若手リーダー候補を対象とした研修の事前ワークとして、
「どんなリーダーになりたいと思っていますか?」
「そのためには何が大事な要因となりそうですか?」
などのアンケートに記入を頂きました。

コミュニケーション力
共感力
観察力
俯瞰力
などなど

皆さん、自分がなりたいリーダー像とそのために必要なコトを一生懸命に記載して下さり、一人一人の熱い思いを感じながら私も研修準備を進めています。

しかし、皆さんのコメントを見ていて思うのは、やはり、
リーダー=一歩前に出て、メンバーよりもちょってイケてて、グイグイとまではいかなくてもある程度は何らかの方向性を示す存在で・・・
という思いが感じられることです。

今の時代、本当に難しい。
何が難しいって、「これが正解!」のリーダー像もなければ、「これが正解!」のマネジメント像もありません。
そもそもビジネスの正解が目まぐるしく変わりゆく時代ですから、今日の正解は明日の間違い、昨日の間違いは今日の正解ということもあり得るわけで、そんな時代のリーダーやマネージャーは、「自分が!」という思いが強ければ強いほど、逆に後退してしまう可能性大なのです。

じゃあ、どうだったらいいのか・・・
「総合力」とか「シナジー」とか、様々な表現がありますが、要は、「みんなで考える」「みんなで乗越える」「みんなで変化を起こす」ではないでしょうか。
みんなとは、新人もベテランも、正社員もアルバイトさんも、そういった垣根を全て取っ払って、そこに関わる人たち全員です。
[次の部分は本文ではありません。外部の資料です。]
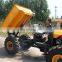 2015 MAP NEW Product 4WD mini site dumper truck in china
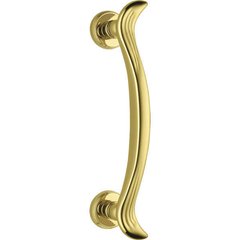 Дверна ручка Colombo Design Piuma AR 16 золото тягне (5230) 5230 фото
だとしたら、今の時代に求められるリーダーの力(スキル)に、「頼る力」があると思います。
リーダーが完全・完璧である必要はなく、リーダーが周囲に頼る力です。
人間誰れしも得手不得手はあります。
ぐいぐい引っ張るのが苦手なリーダーなら、それが得意なメンバーにそこは頼ればいいですし、論理的説明が苦手なリーダーなら、左脳派メンバーに頼ればいいのです。
巻き込むのではなく頼る。
頼るということは、一人一人の特性(力)をしっかりと把握していなければ適切に頼ることができません。
日頃からメンバーをしっかりと見て理解しておく必要がありますね。
もちろん、自分が頼ってばかりではだめです。
自分自身の力も喜んでメンバーに差し出す潔さ、謙虚さも必要です。
メンバーが忙しそうならゴミ箱のゴミをリーダーが片付けても何ら問題はないですし、コピーを取ることだって厭う必要はありません。
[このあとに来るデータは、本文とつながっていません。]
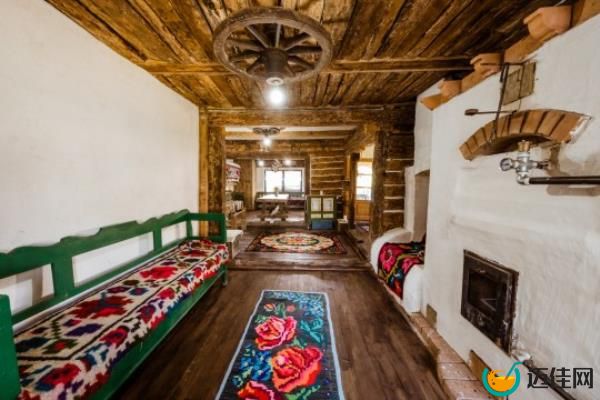 The quaint Romanian village for sale. Entire village for sale at ￡650,000 complete with timber and stone houses, a pavilion and its own zip line.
「私は時給が高いのよ。コピー取りとかそういう、誰でもできることは若手かアルバイトさんにやってもらって、私はもっと私じゃないとできないことをしなきゃいけないからね。」

あり得ないことですが、かつての私はこんな発言を平気でしていました。
自分が全てを背負って立っている。
人に頼るとかはカッコ悪い。
そういうことは仕事ができない人がすることだ。
そんな風に全く間違った勘違いを長い間していたのです。

けれども私一人の力何て所詮はちっぽけです。
それにチームで仕事をしているわけで、私一人で仕事をしているわけではありません。
「尾藤君は、もっと人に頼ることを覚えた方がいいね。」
そんな風に当時の上司に諭され、『頼る力』か・・・ とそれ以来、私自身の根本的考え方を180度変えたのでした。
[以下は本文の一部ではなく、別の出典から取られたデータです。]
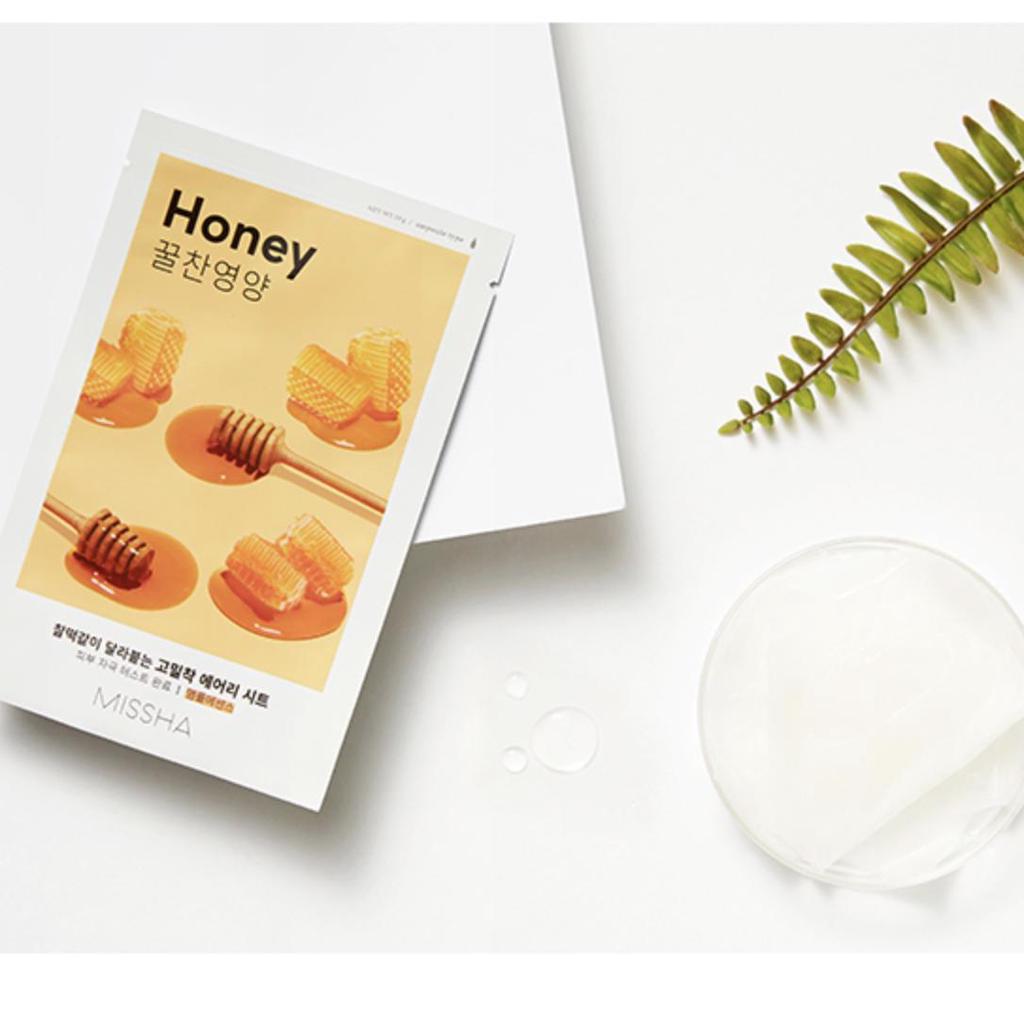 MISSHA Airy Fit Sheet Mask Honey 19g * 10 Sheets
リーダーシップとかマネジメントとか言うと、身に着けたいスキル・力には実に多くのモノがあげられます。
その中に、今の時代の必須としてぜひ「頼る力」を加えてください。
周囲に頼るしなやかさを持っているリーダーこそが、不透明な時代にチームとして結果を出すことができるリーダーなのだと思います。